Look, there’s Harrison Ford grinning like
he had nothing to lose because almost no
one believed he had a future in the movies.
Look, there are Black Panthers marching in
Los Angeles and French women marching
for abortion rights. Varda was among the
343 “bitches” that signed the petition
demanding a woman’s right to control her
own body.
Toward the end of The Beaches of Agnès,
Varda’s friends throw her a surprise 80th
birthday party. Afterwards, she turns the
camera on herself. Is she completely alone
or is someone else operating the camera,
and in that sense keeping her company?
No way to know for sure. “It all happened
yesterday,” she tell us, in those four words
evoking the party and also the 80 years of
her life. “It’s already in the past, a sensation
imbued instantly in the image, which will
remain.
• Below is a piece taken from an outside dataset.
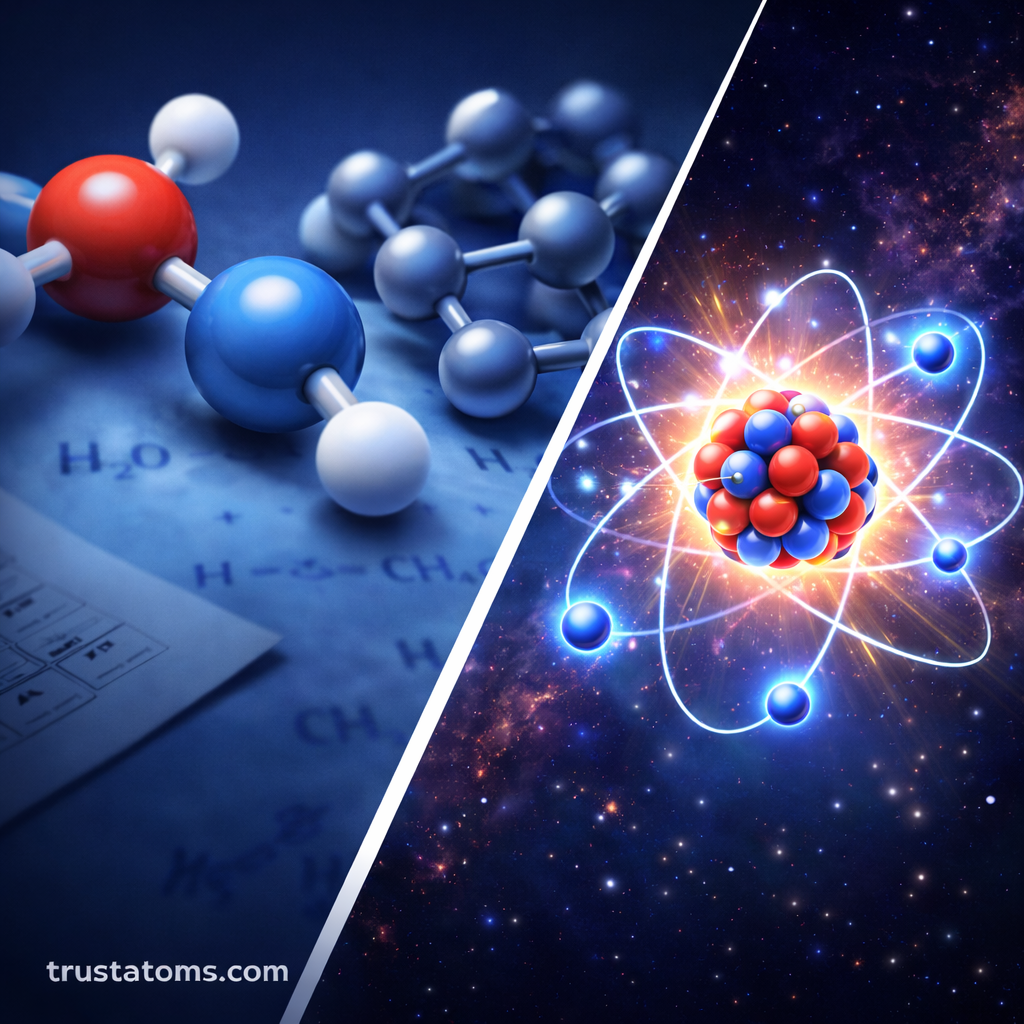 Diagonal split illustration showing molecular bonding models on one side and a glowing atomic structure with electrons orbiting a nucleus on the other.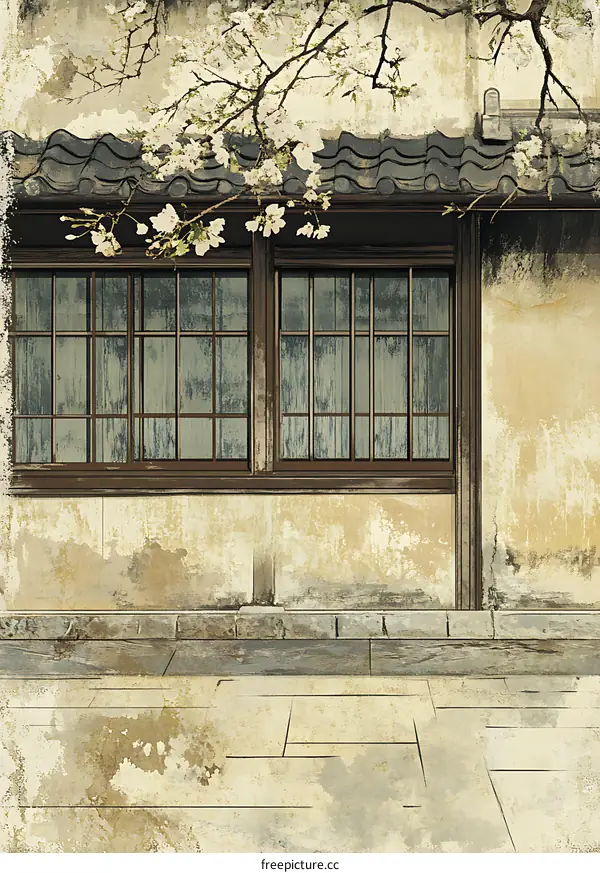 Vintage Japanese House with Cherry Blossom Illustration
While I live, I remember.” And we
too will remember her in her images and
ourselves through them as well.
-----
Amy Taubin is a contributing editor for Film Comment and Sight and Sound magazines
and a frequent contributor to Art Forum. She is the author of Taxi Driver in the BFI’s Film
Classics series. Her critical essays are included in many collections. From 1987 and to 2001
she was a film critic for the Village Voice where she also wrote a pioneering column about
independent film titled Art and Industry. She teaches at the School of Visual Arts in NYC.